▶ Task goal: In the data below, set down exactly the lines from the one containing "SPELSBERG Leergehäuse Kst" up to and including the one containing "Kross Vento 2.0". Leave the pictures out.

[Dataset items]
###
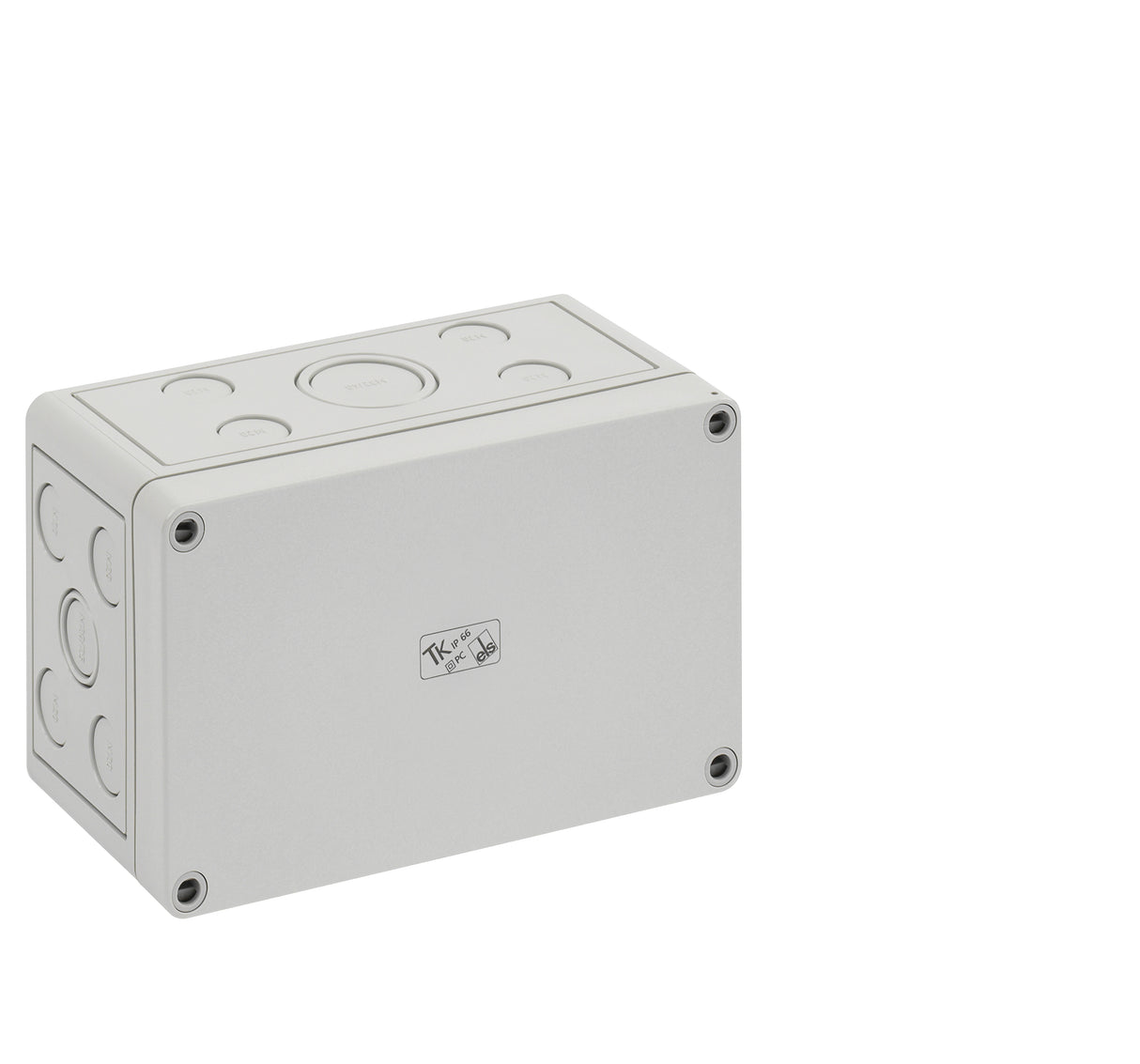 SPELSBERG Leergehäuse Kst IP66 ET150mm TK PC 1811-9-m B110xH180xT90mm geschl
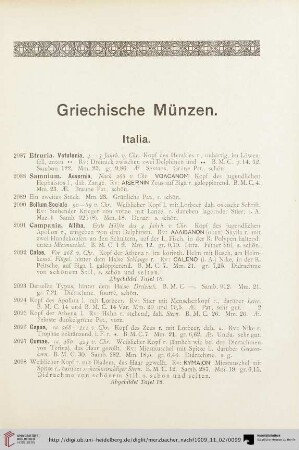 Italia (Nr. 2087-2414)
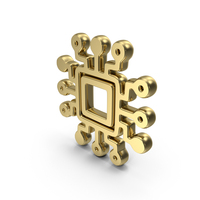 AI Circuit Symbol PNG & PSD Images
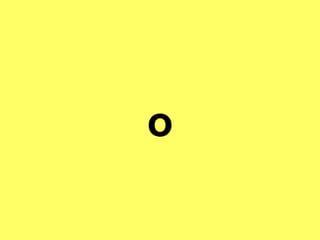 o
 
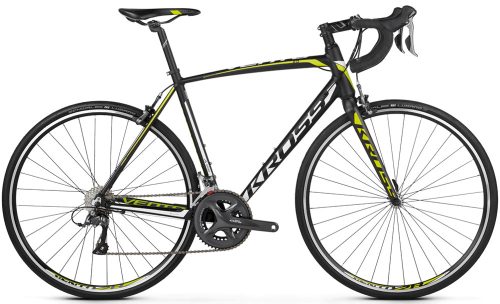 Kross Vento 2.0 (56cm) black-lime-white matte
###
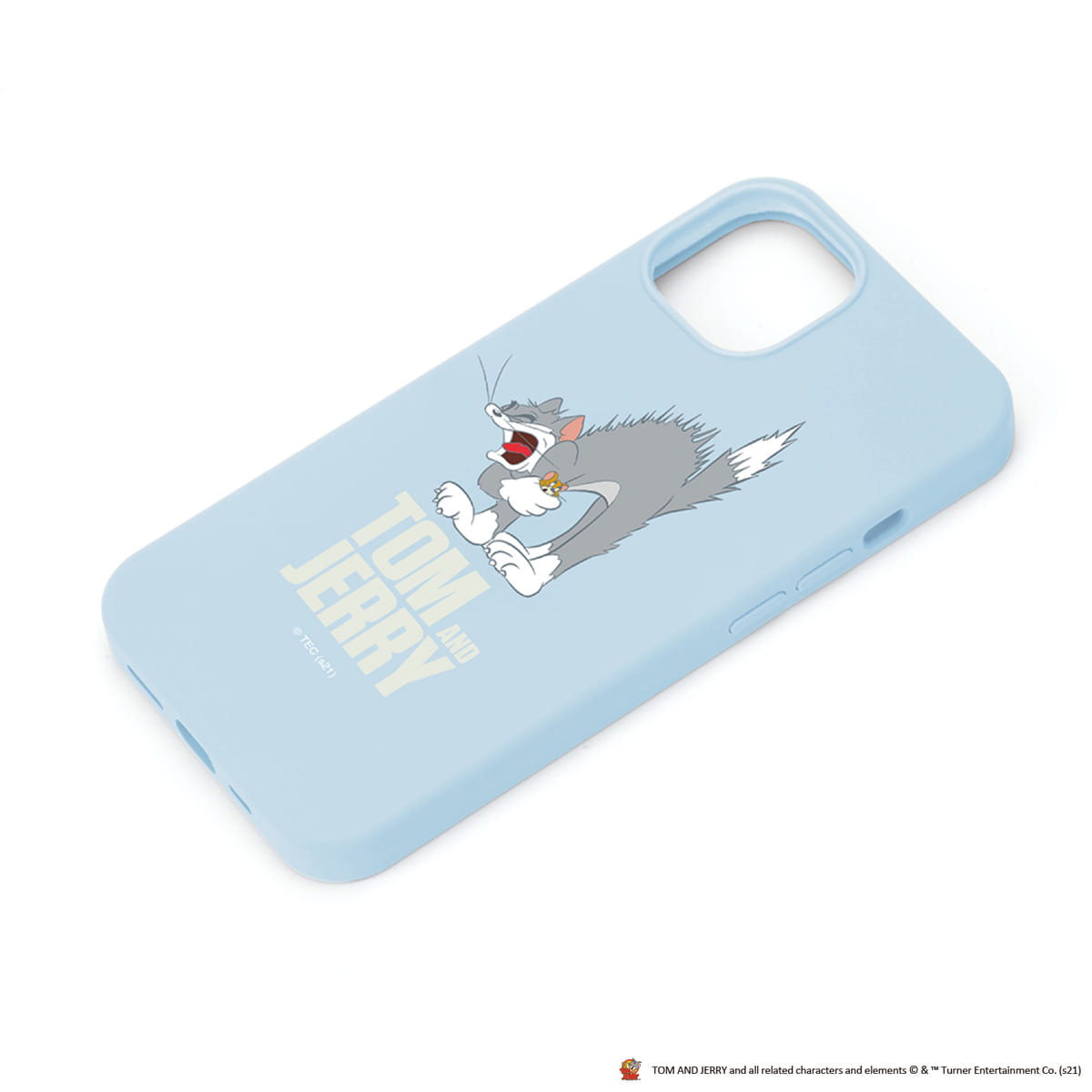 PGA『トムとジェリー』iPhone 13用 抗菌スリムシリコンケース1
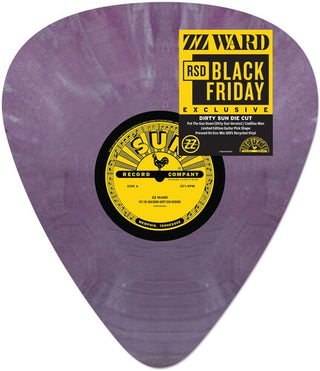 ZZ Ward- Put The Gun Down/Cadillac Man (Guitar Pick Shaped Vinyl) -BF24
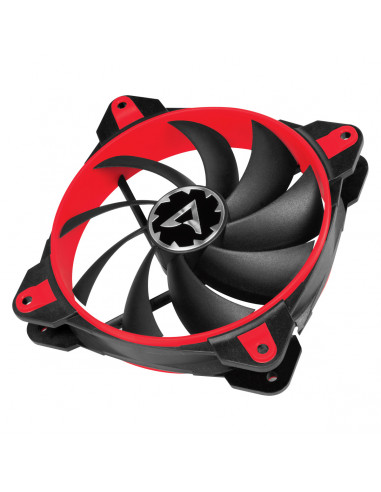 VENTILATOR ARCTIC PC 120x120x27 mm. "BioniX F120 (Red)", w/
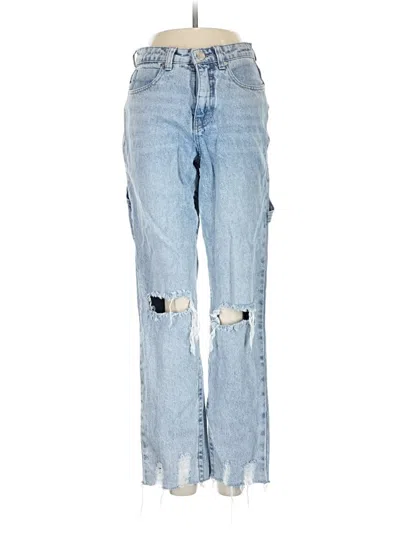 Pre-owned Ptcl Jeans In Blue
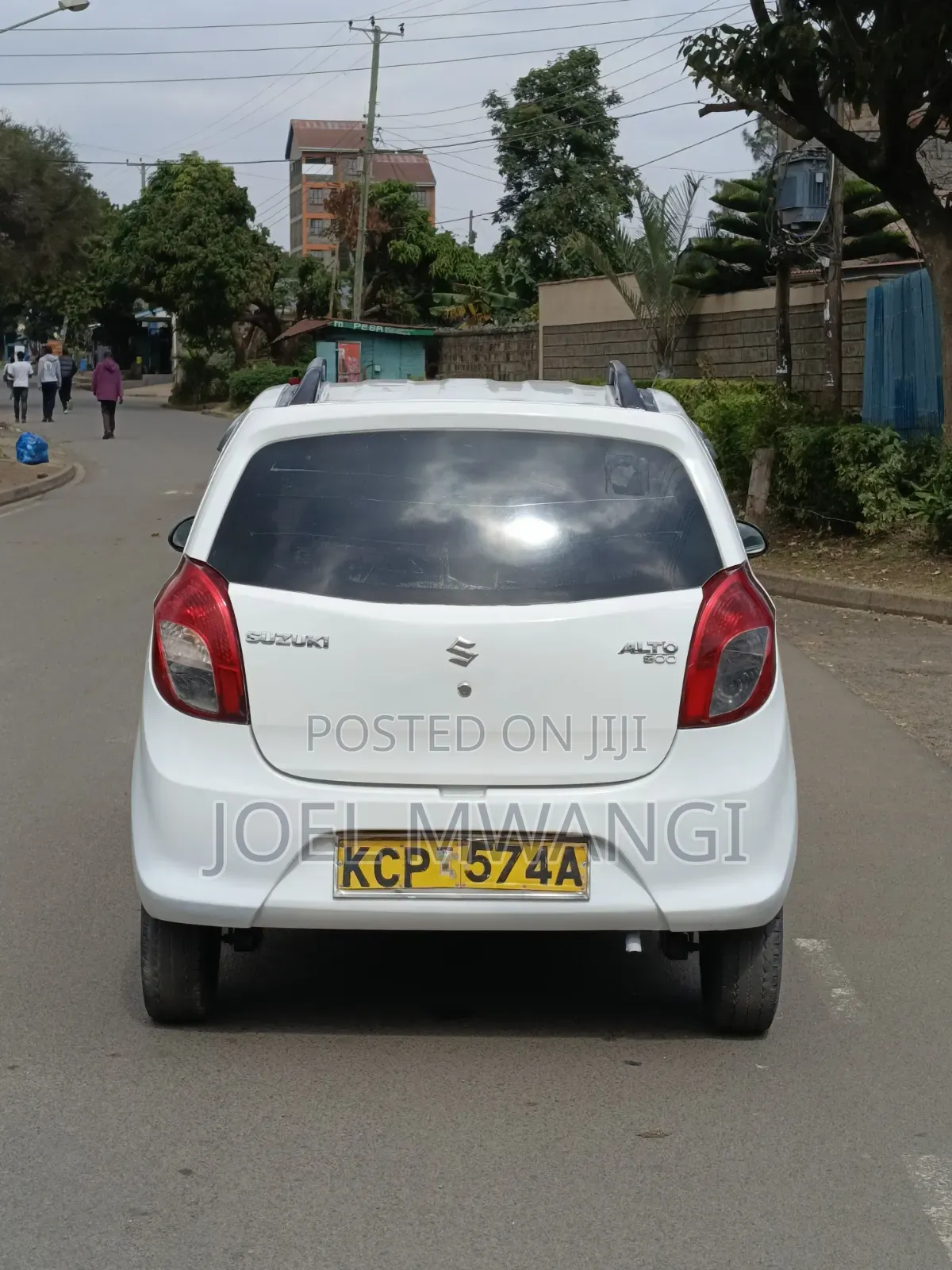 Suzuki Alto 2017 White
###
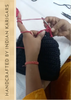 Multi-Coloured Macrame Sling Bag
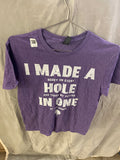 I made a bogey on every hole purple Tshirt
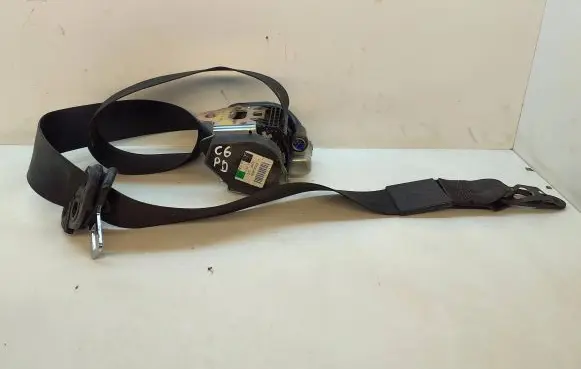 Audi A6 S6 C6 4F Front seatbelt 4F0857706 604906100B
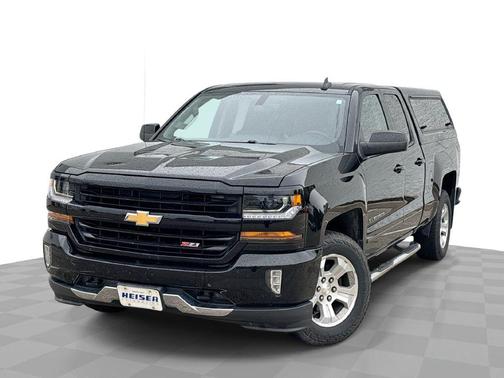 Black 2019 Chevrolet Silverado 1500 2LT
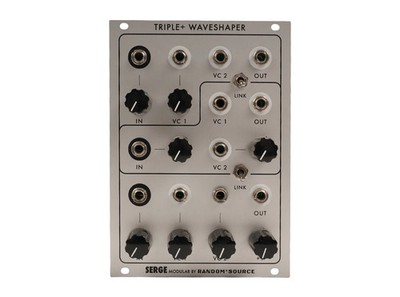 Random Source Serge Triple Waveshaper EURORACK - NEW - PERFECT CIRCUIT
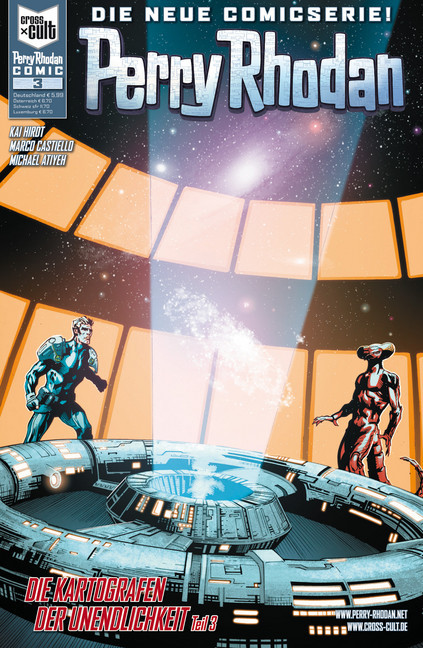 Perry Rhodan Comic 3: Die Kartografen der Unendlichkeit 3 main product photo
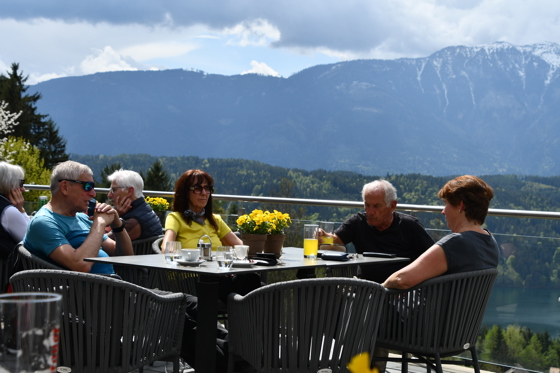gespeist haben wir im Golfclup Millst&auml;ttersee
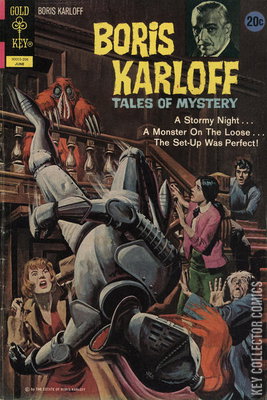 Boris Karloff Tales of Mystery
###
▶ Solution:
 SPELSBERG Leergehäuse Kst IP66 ET150mm TK PC 1811-9-m B110xH180xT90mm geschl
 Italia (Nr. 2087-2414)
 AI Circuit Symbol PNG & PSD Images
 o
 
 Kross Vento 2.0 (56cm) black-lime-white matte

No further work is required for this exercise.